Passato del tempo, Biancaneve muore, avvelenata dalla mela: la morte rappresenta un altro
passaggio simbolico, dall’adolescenza alla giovinezza. E’ pronta a diventare moglie, infatti viene
riportata in vita dal principe, che la sposerà e le darà il ruolo definitivo previsto per lei.
Anche la Bella addormentata cade in un sonno magico e, poverina, deve aspettare cento anni prima
che arrivi il principe a svegliarla e diventare anch’essa sposa e principessa. Le fiabe sono affollate
di principesse che aspettano il Principe Azzurro e raccontano con elementare chiarezza quale fosse
il ruolo pensato ed organizzato dal patriarcato per le donne.
Ma non tutte le fiabe hanno protagoniste inconsapevoli ed inerti; ce ne sono molte che, pur
nell’inevitabile esito matrimoniale, raccontano percorsi di consapevolezza o addirittura di disperata
resistenza. Sono, non a caso, fiabe che hanno radici nel mito della Dea, tramandato, come altri miti,
nei racconti popolari delle donne.
Una “tra le più suggestive e misteriose”, come la definisce lo stesso Calvino, si intitola Testa di
Bufala (alleg. pag,2). La testa di bufala è un simbolo della Dea, perché il suo profilo configura la
forma dell’utero e le corna le mezze lune della Dea lunare. E’ una divinità ctonia, che ha signoria e
dimora nel mondo sotterraneo; nella fiaba, infatti, un contadino la trova, zappando, sotto terra. Le
affida sua figlia, che va a vivere con lei.
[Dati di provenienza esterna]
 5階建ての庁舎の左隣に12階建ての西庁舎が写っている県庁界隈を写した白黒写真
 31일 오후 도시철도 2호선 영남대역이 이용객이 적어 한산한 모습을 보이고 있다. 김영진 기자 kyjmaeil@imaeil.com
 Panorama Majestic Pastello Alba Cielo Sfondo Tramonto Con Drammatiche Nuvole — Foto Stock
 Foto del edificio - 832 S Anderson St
Testa di Bufala fa da madre alla ragazza e lei la chiama mamma; le insegna a prendersi cura della
casa e a cucinare, le fa anche da maestra e le insegna a leggere e a scrivere. Quando la ragazza
cresce, manifesta il desiderio di uscire nel mondo di fuori e la madre, pur se a malincuore,
acconsente e le dona una veste d’argento. Si trova a passare l’inevitabile principe che ovviamente si
innamora e la vuole sposare; lei ridiscende e chiede il permesso alla madre, che glielo concede,
raccomandandole di non essere ingrata, di ricordarsi sempre che tutto quello che ha avuto lo deve a
lei e di non dimenticare niente, perché se no le potrà succedere qualche disgrazia. Lei per la fretta
va via senza nemmeno salutarla e senza ascoltare le sue parole. Tremenda è la punizione della
madre: la ragazza si guarda allo specchio e si ritrova la testa di bufala. Andata via, deve affrontare
difficilissime prove per poter sposare il principe e ogni volta va a chiedere aiuto alla madre che le
fornisce i mezzi per superarle. Finalmente la giovane capisce il suo errore e le chiede perdono.
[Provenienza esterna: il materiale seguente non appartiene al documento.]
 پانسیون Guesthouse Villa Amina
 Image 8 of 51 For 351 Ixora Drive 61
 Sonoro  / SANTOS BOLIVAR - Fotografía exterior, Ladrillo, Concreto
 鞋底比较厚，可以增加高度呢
Ridiventata splendente di bellezza, bacia e saluta ripetutamente la madre, sposa il suo amato, si
siede accanto a lui sul trono e tutto il popolo l’acclama regina.
Cosa significa questa fiaba? Quali elementi simbolici ci interessa mettere in evidenza?
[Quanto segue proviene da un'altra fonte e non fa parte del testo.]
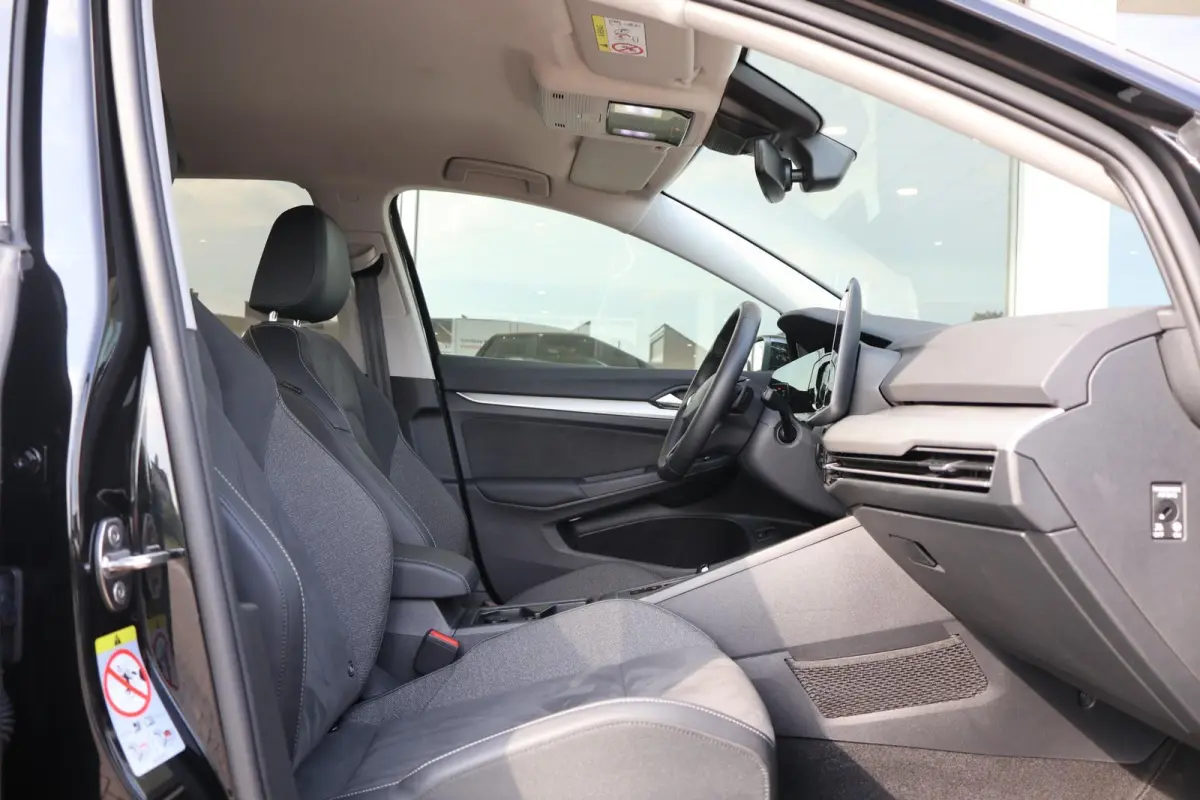 1.5 eHybrid 204pk Life Edition | SoH 100% | Trekhaak | Ergostoel | Camera | Keyless | Carplay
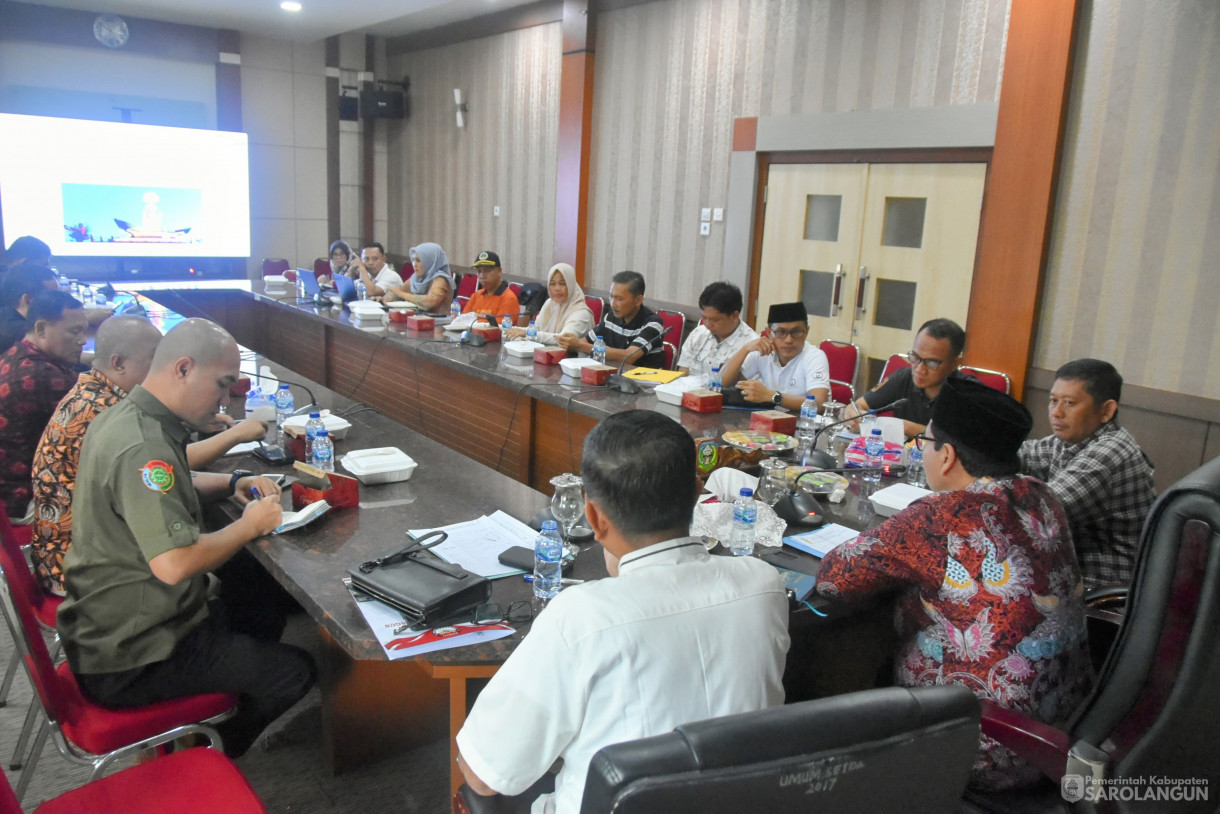 31 Mei 2024 - Rapat Rencana Pembangunan Tugu Biduk Di Ruang Pola Utama Kantor Bupati Sarolangun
L’argomento della fiaba è il rapporto madre-figlia. Testa di Bufala guida la crescita della ragazza, le
insegna a saper prendersi cura di se stessa e organizzare la sua vita materiale, le fornisce le strutture
simboliche, la lettura e la scrittura, per poter accedere alla conoscenza e crescere intellettualmente e
spiritualmente; la mette, insomma, in grado di avere consapevolezza di sé e del mondo.
La giovane, appena esce nel mondo e conosce il principe, rappresentante di una società ordinata
dall’autorità maschile, dimentica il legame con la madre, abbandona il luogo dell’origine. La madre
la punisce severamente. Quando viene sottoposta alle dure prove del mondo organizzato a misura
d’uomo, torna dalla madre, che non le nega mai il suo amorevole aiuto, ma che ancora non la
perdona. Lo farà solo quando la giovane donna avrà compreso che il legame con la madre le è
indispensabile per affrontare la vita in un mondo diverso da quello materno. A questo punto,
radicata nella sua origine, consapevole di sé, potrà scegliere di sposare il suo amato e di condurre
una vita insieme.
Testa di Bufala è imperniata sul mito, ce ne sono altre che ne utilizzano solo alcuni elementi,
talvolta in modo esplicito. La figlia del Sole (v. Fiabe italiane) si rifà al mito di Danae ed è una
fiaba godibilissima, perché mette in scena i poteri della figlia del Sole, che sono dirompenti nella
solita struttura della ragazza che sposa il principe e utilizzati nella quotidianità della vita domestica.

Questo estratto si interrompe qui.